Two incidents in 2021 serve as a critical starting point for understanding this competition. On July 1 of that year, SpaceX's Starlink-1095 satellite continuously lowered its orbit from 555 kilometers to approximately 382 kilometers, dangerously approaching the Chinese space station operating at an altitude of 390 kilometers. This forced the Chinese space station to initiate an emergency collision avoidance maneuver that evening. Just over three months later, on October 21, the Starlink-2305 satellite again approached closely, this time in a state of continuous orbital maneuvering with an unknown strategy and unassessable trajectory error, prompting the Chinese space station to perform another avoidance operation. The sensitivity of such close approaches lies in their extremely high risk; in LEO, the relative velocity of spacecraft often exceeds 7 kilometers per second. At such speeds, a collision between even a several-hundred-kilogram satellite and a multi-ton space station would be catastrophic. For context, in 1983, a window on the US Space Shuttle Challenger was cracked by a paint fragment only about 0.2 mm in diameter and weighing just tens of milligrams. Given that Starlink satellites weigh around 260 kilograms, a collision with the space station would generate a debris cloud capable of destroying the entire orbital platform.

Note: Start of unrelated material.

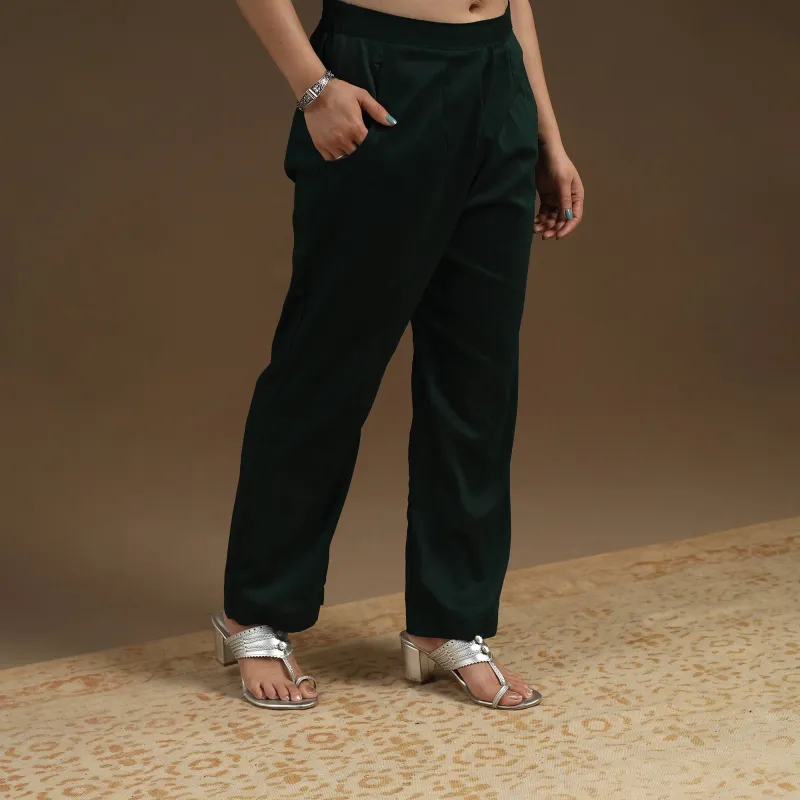Green - Slub Silk Plain Palazzo Pant 03 made by Itokri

China formally reported these two incidents to the United Nations via a diplomatic note, a relatively uncommon practice in its diplomatic history. The note stated that the United States, as the registering state for the Starlink satellites, holds jurisdictional and regulatory obligations under international law and should have engaged in prior consultations as per Article IX of the Outer Space Treaty when satellite maneuvers could cause harmful interference to other nations' space activities. However, China received no prior notification or coordination request from the US side in either instance. In September 2019, the European Space Agency's (ESA) Aeolus weather satellite also proactively performed an avoidance maneuver to prevent a potential collision with a Starlink satellite. Unlike China, ESA chose to "quietly endure" the situation without public protest. Research data indicates that the vast Starlink system generates approximately 1,600 close approach events weekly, over 500 of which involve spacecraft from other nations. As Starlink's deployment grows (exceeding 9,400 satellites in orbit by early 2026), the frequency of such events continues to rise.

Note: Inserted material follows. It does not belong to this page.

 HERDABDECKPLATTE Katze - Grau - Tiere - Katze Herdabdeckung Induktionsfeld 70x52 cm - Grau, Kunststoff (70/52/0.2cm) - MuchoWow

Against this backdrop, the strategic intent behind China's massive application becomes clearer: to lock in orbital and spectrum resources as early as possible within the rules, preventing them from being occupied by latecomers. The legality of this strategy stems from the ITU's fundamental "first-come, first-served" principle. As the UN's specialized agency for information and communication technologies, the ITU allocates and manages global radio spectrum and satellite orbital resources. Since these are finite natural resources belonging to all humanity, the ITU has established a complex procedure for filing, coordination, and registration. For non-geostationary orbit (NGSO) satellites, the primary method is coordination, meaning whoever files first and completes the coordination process gains priority rights. However, "first-come, first-served" does not permit indefinite, unlimited hoarding. To prevent malicious stockpiling, the ITU adopted "Milestone Rules" at the 2019 World Radiocommunication Conference (WRC-19). These rules require that a satellite constellation must launch its first satellite and operate it for 90 days within 7 years of securing frequency resources. Subsequently, it must deploy 10%, 50%, and 100% of its total declared number by the end of the 9th, 12th, and 14th years, respectively. Failure to meet these milestones results in a proportional reduction of spectrum rights based on actual deployment.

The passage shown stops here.